◆ What to produce
Output, exactly and in full, the entries that appear below.

══ Exercise data

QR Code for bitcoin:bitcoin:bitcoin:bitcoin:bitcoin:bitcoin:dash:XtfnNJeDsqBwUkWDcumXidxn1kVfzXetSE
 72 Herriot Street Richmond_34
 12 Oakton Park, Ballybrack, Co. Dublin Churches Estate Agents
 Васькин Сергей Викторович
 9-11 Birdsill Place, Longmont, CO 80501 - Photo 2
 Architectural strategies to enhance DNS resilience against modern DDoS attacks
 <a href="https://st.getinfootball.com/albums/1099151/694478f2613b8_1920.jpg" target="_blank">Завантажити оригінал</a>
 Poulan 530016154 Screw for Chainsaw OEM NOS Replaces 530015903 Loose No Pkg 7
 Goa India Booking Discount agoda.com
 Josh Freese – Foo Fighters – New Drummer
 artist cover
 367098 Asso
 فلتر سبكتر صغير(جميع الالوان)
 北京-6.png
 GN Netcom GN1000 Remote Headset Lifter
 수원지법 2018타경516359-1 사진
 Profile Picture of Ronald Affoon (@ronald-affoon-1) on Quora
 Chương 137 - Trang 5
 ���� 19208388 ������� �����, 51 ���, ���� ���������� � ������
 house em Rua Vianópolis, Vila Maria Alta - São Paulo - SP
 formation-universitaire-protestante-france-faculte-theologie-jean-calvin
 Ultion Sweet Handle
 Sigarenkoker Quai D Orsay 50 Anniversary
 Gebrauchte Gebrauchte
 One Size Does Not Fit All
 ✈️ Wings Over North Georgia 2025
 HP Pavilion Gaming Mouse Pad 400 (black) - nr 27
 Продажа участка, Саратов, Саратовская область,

════

◆ Finished exercise
QR Code for bitcoin:bitcoin:bitcoin:bitcoin:bitcoin:bitcoin:dash:XtfnNJeDsqBwUkWDcumXidxn1kVfzXetSE
 72 Herriot Street Richmond_34
 12 Oakton Park, Ballybrack, Co. Dublin Churches Estate Agents
 Васькин Сергей Викторович
 9-11 Birdsill Place, Longmont, CO 80501 - Photo 2
 Architectural strategies to enhance DNS resilience against modern DDoS attacks
 <a href="https://st.getinfootball.com/albums/1099151/694478f2613b8_1920.jpg" target="_blank">Завантажити оригінал</a>
 Poulan 530016154 Screw for Chainsaw OEM NOS Replaces 530015903 Loose No Pkg 7
 Goa India Booking Discount agoda.com
 Josh Freese – Foo Fighters – New Drummer
 artist cover
 367098 Asso
 فلتر سبكتر صغير(جميع الالوان)
 北京-6.png
 GN Netcom GN1000 Remote Headset Lifter
 수원지법 2018타경516359-1 사진
 Profile Picture of Ronald Affoon (@ronald-affoon-1) on Quora
 Chương 137 - Trang 5
 ���� 19208388 ������� �����, 51 ���, ���� ���������� � ������
 house em Rua Vianópolis, Vila Maria Alta - São Paulo - SP
 formation-universitaire-protestante-france-faculte-theologie-jean-calvin
 Ultion Sweet Handle
 Sigarenkoker Quai D Orsay 50 Anniversary
 Gebrauchte Gebrauchte
 One Size Does Not Fit All
 ✈️ Wings Over North Georgia 2025
 HP Pavilion Gaming Mouse Pad 400 (black) - nr 27
 Продажа участка, Саратов, Саратовская область,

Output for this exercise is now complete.